Lest you think it’s some line spun to keep the PR hacks happy – “Tell ’em you’re just very normal; the public love that kind of stuff – it honestly comes across as very real and incredibly authentic.
You get the feeling that while she is enormously grateful for all the success that’s come her way, and the opportunities it gives her to workaholically practise the craft she has loved since she was a child, she is also not so removed from who she is – she goes to great lengths to stay grounded, heading back to Maine whenever her crazy schedule allows – that it erases her basic, neuroses-plagued humanity.
And that’s probably the best thing about this highly-entertaining, winningly-insightful book.
Kendrick happily admits as just about every opportunity that she’d rather stay home and see no one than grace parties and press junkets without number, that she lives like a would-be hoarder rather than a living, breathing Vogue Living supplement, and that she way more socially awkward than her public presence might suggest.
“There are plenty of places where I am correctly treated like I ain’t shit. My personal favorite is my hometown. While I was in the middle of writing this, I went home to see my parents. I turned off the phone, stopped checking my email … Being around my family and the place I grew up reminded me of my fear that I was getting too comfortable, that I was letting myself atrophy.” (P. 269)

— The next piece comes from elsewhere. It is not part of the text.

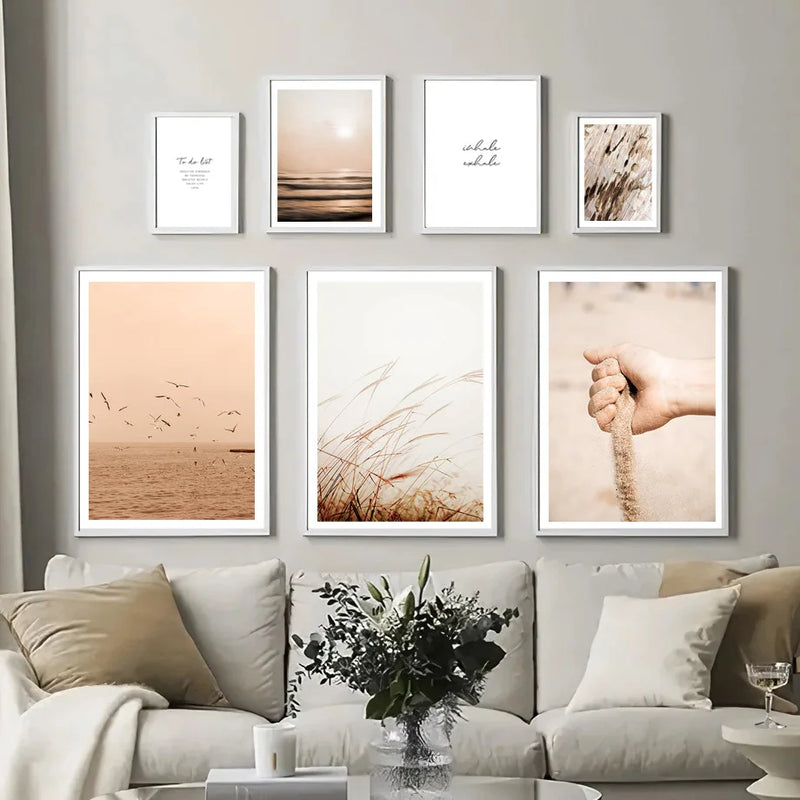 paysage plage mouette roseau plante nordique art déco affiches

Where she can Kendrick tries to push back on the expectations and demands made of her.
Not in some nasty way – this is Anna Kendrick we’re talking about here, who despite a slew of self-deprecating, amusingly self-critical remarks which fill this book and give it a real sense of earthy fun, is probably way nicer and more fun she gives herself credit for. But she is sane enough to know that there is a yawning gulf between the person she projects to talk show hosts, fans and yes even readers of this book, and the real Anna Kendrick who wishes she had her collective shit together way more than she actually does.

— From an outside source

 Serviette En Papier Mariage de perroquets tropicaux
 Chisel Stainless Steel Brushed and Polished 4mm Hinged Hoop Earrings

It’s this willingness to call her career and her life for what it is, rather than what the publicity machine, which eschews flaws of any kind and values only Photoshop-glossy perfectionism, that makes this book so wonderfully relatable and a pleasure to read.
True, Kendrick is not one of us in many of the ways that we would measure likeness, but in so many other ways she is exactly like us, riven with self-doubt, pressures to measure to impossible expectations and exhausted by the business of being her, and it’s the way she draws the line between the two parts of her life that makes Scrappy Little Nobody such a charmingly reassuring book to read.
(And make sure you make use of the Bonus Reading Group Guide at the end which delightfully skewers the kind of pretentious questions that litter these sorts of Q&A starters; it’s yet more evidence that while she may look the part because she has to, that deep down she’s as bemused and horrified by life as the rest of us.)